Very enjoyable it may have been, but there was an incredible amount of value in the talk too - not least making legacy funny and interesting. Using a decent IDE definitely helps us hugely with legacy. The translation layer idea was an interesting idea. Putting a Symfony framework around the legacy app was a turning point for us, though, facilitating many of the other things talked about.
Look forward to checking out the blog.
Yes enjoyable talk by Rob. It sent me off down a rabbit hole learning about Mutation testing. Wish I had sat nearer the front, will do that next time perhaps. Thanks Rob!
A bunch of references [to British culture]... *waits for Mr Bean*
I love the start [this isn't an indictment on the rest].
"That was an analogy."
"Does anyone know who this company is?"
My kind of humour.
I found the layer of abstraction of your analogies still very relatable and accessible. Well done!
I was sitting next to someone nontechnical who might not know what "legacy", "var_dump or "refactoring" means, but I think your talk clarified those well (and one would expect a technical audience, right?)!

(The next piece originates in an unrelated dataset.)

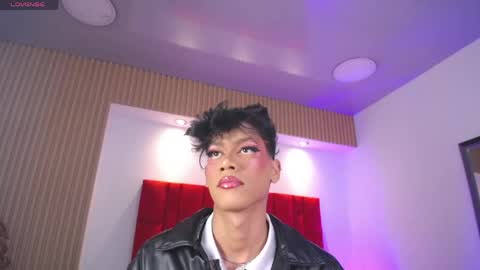 Jonas  online show from April 2026 05:05:01 AM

Great energy. Good use of facial expressions and body language.
Not many people have the balls to say "move slow", I think they're worried that it'll get pushback because startup culture is cool. I like this advice.
Thanks for covering what code climate and the other one are!
People are often reticent to make broken commits, especially if they are used to squashing or trending their commits... It's an important thing to say, I wonder if you convinced the doubters?
I think your description of driver/navigator wasn't clear enough, since people often make mistakes on this.
I would have mentioned that when you use best practice in greenfield projects you're reducing technical debt for when your project becomes legacy/older.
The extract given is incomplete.